Still, a surge in Taliban attacks since the peace deal was signed, coupled with the refusal thus far of the Afghan government to release thousands of Taliban prisoners, may have imperiled the planned March 10 start of the Afghanistan negotiations.

And, as the renewed violence complicated the situation, U.S. lawmakers expressed concern that the U.S.-Taliban agreement gives away too much for too little and may threaten America's national security. They also complained about two annexes to the agreement that have not been made public that lay out the process for the withdrawal of American and allied troops.

"I read the secret annexes to the Taliban deal today. Bottom line: the administration is telling a terrorist group the conditions (such as they are) of our withdrawal from Afghanistan, but not telling the American people. This is wrong. And it serves no national security purpose," said Rep. Tom Malinowski, D-N.J., a former State Department official.

Even Mr. Trump's allies like Sen. Lindsey Graham, R-S.C., and Rep. Liz Cheney, R-Wyo., have aired doubts.

At a congressional hearing on Tuesday, Ms. Cheney made a point similar to Mr. Malinowski's. "The documents have been seen by the Taliban, so I believe that the American people deserve to know what agreement has been entered into our name with the terrorists" who harbored those behind the Sept. 11, 2001, attacks, she said.

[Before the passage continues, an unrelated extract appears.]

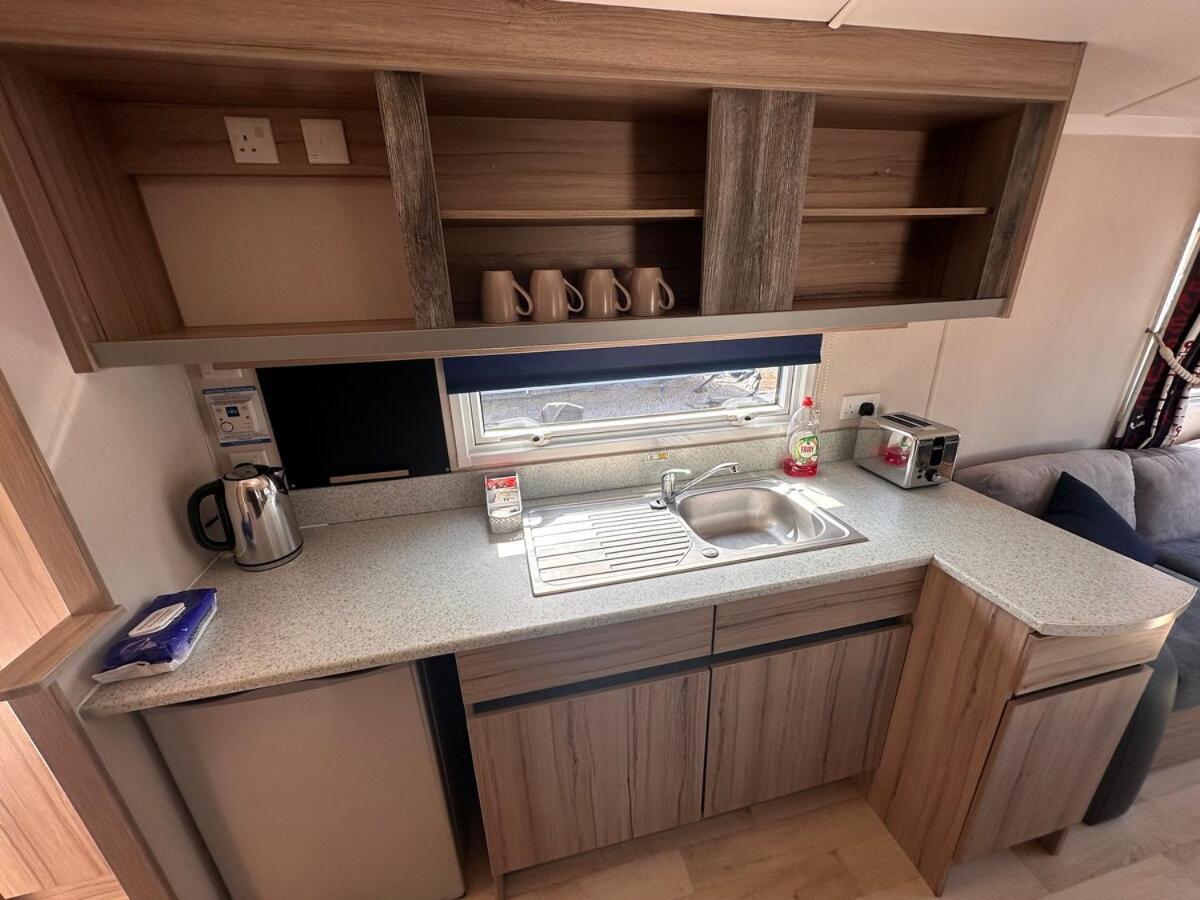 3-Bedroom Swift Caravan - Uddingston, 格拉斯哥 外观 照片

Mr. Graham accused the Taliban of violating the deal. "Always suspicious of the Taliban when it came to any peace agreement, but can't believe they're this stupid," Mr. Graham tweeted, adding that the violence "not only violates the spirit of the alleged peace deal, it violates the letter of the agreement."

U.S. military spokesman Col. Sonny Leggett said in a tweet that Wednesday's "defensive" strike was aimed at countering a Taliban assault on Afghan government forces in southern Helmand province. He said Taliban forces had conducted 43 attacks on Afghan troops on Tuesday in Helmand, where the local governor's official said two police officers were killed.

The Afghan Interior Ministry said four civilians and 11 troops were killed Wednesday in a wave of Taliban attacks across the country.

In his account of the call with Mullah Abdul Ghani Baradar, a co-founder of the Taliban and head of their political office in Qatar, Mr. Trump told reporters that his relationship with Mr. Baradar is "very good" and that the Taliban "want to cease the violence."

The White House readout of the call was more restrained. It said Mr. Trump had "emphasized the need to continue the reduction in violence" and urged the Taliban to participate in the intra-Afghan talks.

In a tweet Wednesday, the U.S. special representative, Zalmay Khalilzad, said he had met with Mr. Baradar and other Taliban members before the call with Mr. Trump. "We all agreed the purpose of the U.S.-Taliban agreement is to pave the path to a comprehensive peace in Afghanistan," he said.

Mr. Trump has looked to the agreement as a step toward making progress on his campaign pledge to extract U.S. troops from "endless wars."

Although the agreement signed in Doha says the phased drawdown of American and allied troops is dependent on the Taliban entering intra-Afghan negotiations and taking them seriously, the withdrawals are only specifically contingent on the Taliban meeting its counterterrorism commitments, including a rejection of Al Qaeda and other groups.

This story was reported by The Associated Press.